RUDOLF WAITS IN LINE TO ATTEND THE GOOGLE I/O DEVELOPERS CONFERENCE IN SAN FRANCISCO
Wearing Google Glass, Klint Rudolph waits in line to attend the Google I/O developers conference in San Francisco, California June 25, 2014. Activists, who hung a banner on the parking structure outside the event, claim evictions are up 115 percent from last year, due in part to the economic disparity between tech company workers and the rest of the community. REUTERS

Google, a multinational American corporation which specialises on Internet services and products, have helped different people worldwide in many different ways. Somehow, others have found their way to use Google's products and services in a different way.

Google Glass

Cyber forensics researchers from the University of Massachusetts Lowell discovered a way to steal passwords entered from a device using Google Glass.

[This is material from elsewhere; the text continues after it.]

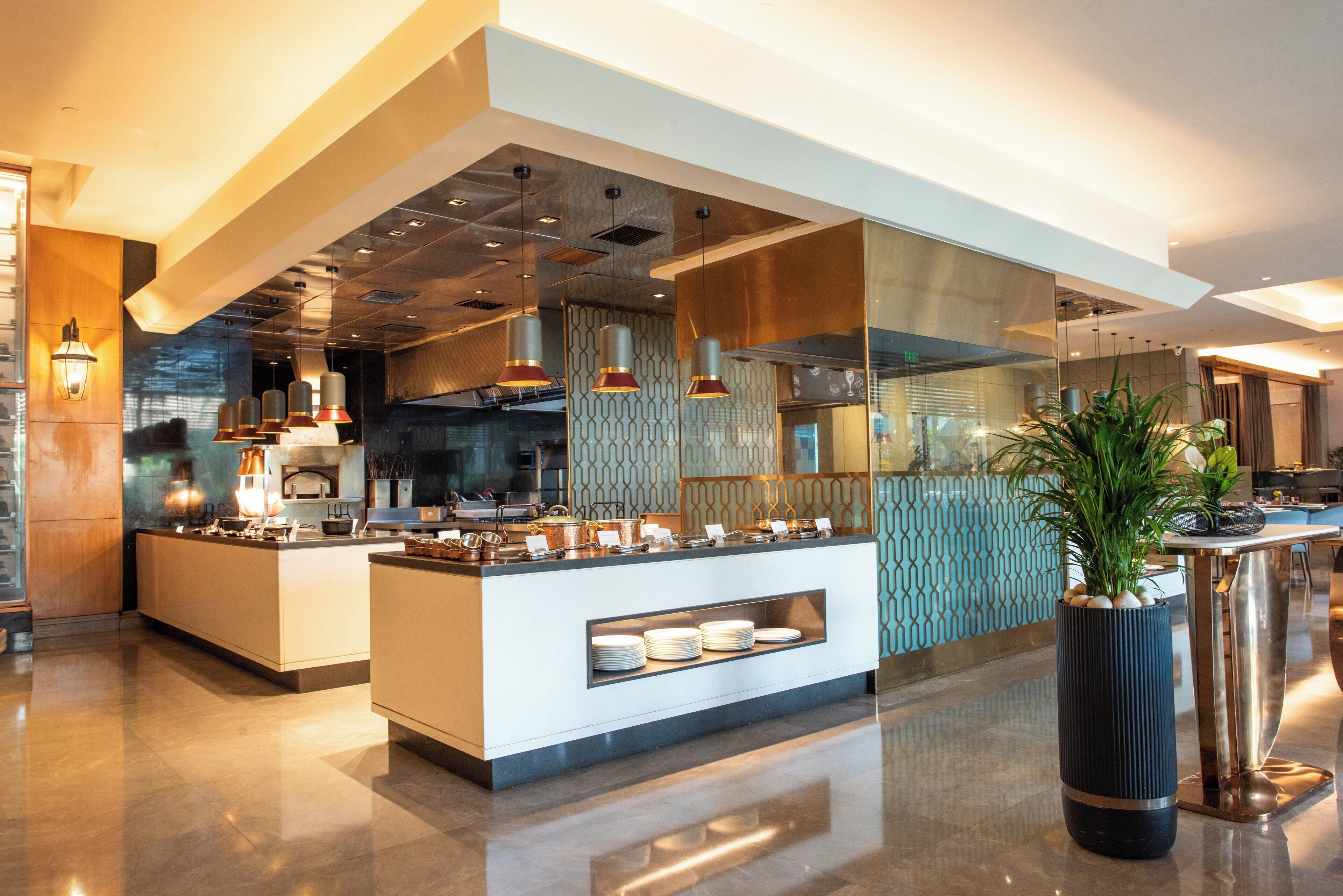 A modern kitchen with a central island, pendant lighting, and a large potted plant.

This wearable device, the advance technology that can do almost anything smartphones can, has now been found to be more than that.

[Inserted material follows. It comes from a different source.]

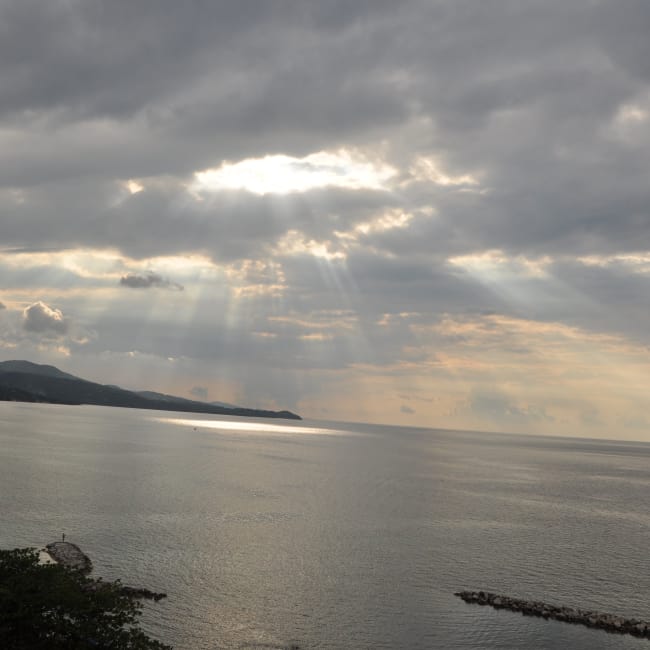 Sun rays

Xinwen Fu, a security researcher, developed software that analyses hand movements from videos. Fu used Google Glass to record and analyse reporter Laurie Segall's finger movements—while the subject is typing, Fu is recording. Fu can figure out passcodes even without looking at the screen, CNN Money reports.

Fu and his team used a camcorder to test the said software, where a distance of over 140 feet allows them to steal passcodes, the report says.

Fu says that with keys always in the same place, recording and analysing hand movements are now easier by the use of wearable technology. Fu hopes that exposing these dangers will lead to solutions and tools, like applications that randomise keys, will be implemented to avoid these dangers in the future.

"We only use the passcode as one example to demonstrate the danger", Fu said to CNN. "What if you actually use mobile banking?"

Google Maps

Rene Bertagna, owner of Serbian Crown, a restaurant serving exotic meats like lion, in Washington DC suddenly found he's 40-year-old business shut down.

As Wired reports the story, Bertagna first experienced a 75 per cent sudden drop in customers one weekend in the early months of 2012. Succeeding months didn't change any of this and left Bertagna wondering. Only later did he discover that Google Places was misinforming searchers. Anyone who searched Serbian Crown using Google Maps was misinformed that the restaurant was closed on Mondays, Saturdays and Sundays.

Bertagna has sued Google, blaming the company for his restaurant's downfall. However, Google denied such accusation. "The Serbian Crown should not be permitted to vex Google or this Court with such meritless claims," the company wrote in a filing, as qouted by the Wired report.

Since April 2013, Serbian Crown was already marked as "permanently closed."

In a world where there's easy access to technology like this, different reports on cybercrime are now rampant. Protect yourself and report crimes to avoid being a victim.